On Oct 2, 2007, at 8:44 AM, Jonathan Cast wrote:
I would like to, again, strongly argue against sacrificing compatibility with Linux/BSD/etc. for the sake of compatibility with OS X or Windows. FFI bindings have to convert data formats in any case; Haskell shouldn't gratuitously break Linux support (or make life harder on Linux) just to
support proprietary operating systems better.

Now, if /independent of the details of MacOS X/, UTF-16 is better
(objectively), it can be converted to anything by the FFI. But doing it the way Java or MacOS X or Win32 or anyone else does it, at the expense
of Linux, I am strongly opposed to.

No one is advocating that. Any Unicode support library needs to support exporting text as UTF-8 since it's so widely used. It's used on Mac OS X, too, in exactly the same contexts it would be used on Linux. However, UTF-8 is a poor choice for internal representation.

On Oct 2, 2007, at 2:32 PM, Stefan O'Rear wrote:
UTF-8 supports CJK languages too. The only question is efficiency, and
I believe CJK is still a relatively uncommon case compared to English
and other Latin-alphabet languages. (That said, I live in a country all
of whose dominant languages use the Latin alphabet)

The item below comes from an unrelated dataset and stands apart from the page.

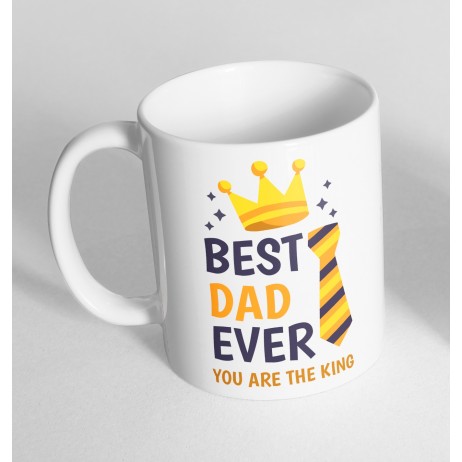 Father's Day Mug - King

First of all, non-Latin countries already represent a large fraction of computer usage and the computer market. It is not at all "relatively uncommon." Japan alone is a huge market. China is a huge market.

Second, it's not just CJK, but anything that's not mostly ASCII. Russian, Greek, Thai, Arabic, Hebrew, etc. etc. etc. UTF-8 is intended for compatibility with existing software that expects multibyte encodings. It doesn't work well as an internal representation. Again, no one is saying a Unicode library shouldn't have full support for input and output of UTF-8 (and other encodings).

If you want to process ASCII text and squeeze out every last ounce of performance, use byte strings. Unicode strings should be optimized for representing and processing human language text, a large share of which is not in the Latin alphabet.

Remember, speakers of English and other Latin-alphabet languages are a minority in the world, though not in the computer-using world. Yet.